The Sunday Wife: A Lockdown Thriller Read online

Page 12


  “No, I, I didn’t mean…” Confusion spun like a tornado through my system. What did I mean exactly?

  The room. The photos. My childhood in polaroids all flashed before me.

  “But my life—the wall of photos in the basement…”

  Tav arched an eyebrow.

  “Didn’t you see them? Someone has been watching me since...forever.”

  “Frey, what the hell are you saying?”

  He brought his hands to cup my cheeks, concern swirling in his familiar brown irises. “I did my best to offer you the world, but it wasn’t good enough. You really don’t remember any of the good stuff do you? The truth is, I lost you long ago to your heartache. I didn’t need couples therapy to tell me that.”

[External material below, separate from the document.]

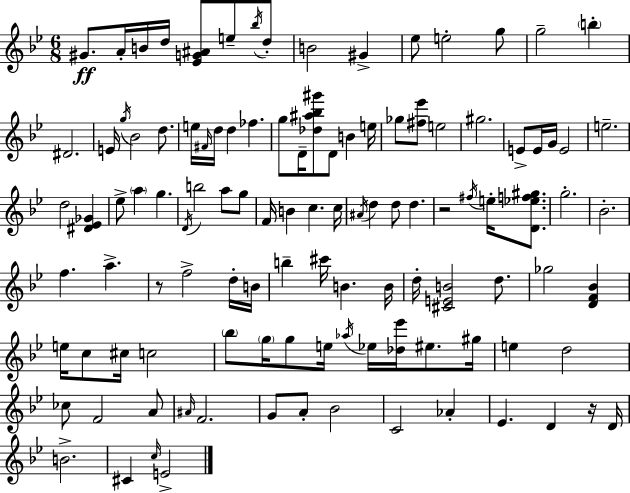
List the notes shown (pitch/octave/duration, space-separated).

G#4/e. A4/s B4/s D5/s [Eb4,G4,A#4]/e E5/e Bb5/s D5/e B4/h G#4/q Eb5/e E5/h G5/e G5/h B5/q D#4/h. E4/s G5/s Bb4/h D5/e. E5/s F#4/s D5/s D5/q FES5/q. G5/e D4/s [Db5,A#5,Bb5,G#6]/e D4/e B4/q E5/s Gb5/e [F#5,Eb6]/e E5/h G#5/h. E4/e E4/s G4/s E4/h E5/h. D5/h [D#4,Eb4,Gb4]/q Eb5/e A5/q G5/q. D4/s B5/h A5/e G5/e F4/s B4/q C5/q. C5/s A#4/s D5/q D5/e D5/q. R/h F#5/s E5/s [D4,Eb5,F5,G#5]/e. G5/h. Bb4/h. F5/q. A5/q. R/e F5/h D5/s B4/s B5/q C#6/s B4/q. B4/s D5/s [C#4,E4,B4]/h D5/e. Gb5/h [D4,F4,Bb4]/q E5/s C5/e C#5/s C5/h Bb5/e G5/s G5/e E5/s Ab5/s Eb5/s [Db5,Eb6]/s EIS5/e. G#5/s E5/q D5/h CES5/e F4/h A4/e A#4/s F4/h. G4/e A4/e Bb4/h C4/h Ab4/q Eb4/q. D4/q R/s D4/s B4/h. C#4/q C5/s E4/h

  “So you've moved on?” I squeaked. “It’s the woman in the pantsuit, isn’t it?”

  Tav shook his head and dropped his fingertips from my skin. “She’s good on paper.”

  “G-good on paper?”

  “For the campaign, she’s good for the campaign. We haven’t announced anything, dad’s campaign manager says the mystery is good for generating interest.”

  “You d-dumped me for Campaign Barbie to pat your arm and hold a clipboard?”

  “It’s easier than—” he stopped, eyes cutting across the room to the window. Clouds clung to the wintery mountain peaks in the distance. I wondered if one of them was my mountain.

  Storm clouds shrouded every angle.

  “Easier than what, Tav? Easier than breaking up with me, treating me with dignity and respect and just telling me the truth?”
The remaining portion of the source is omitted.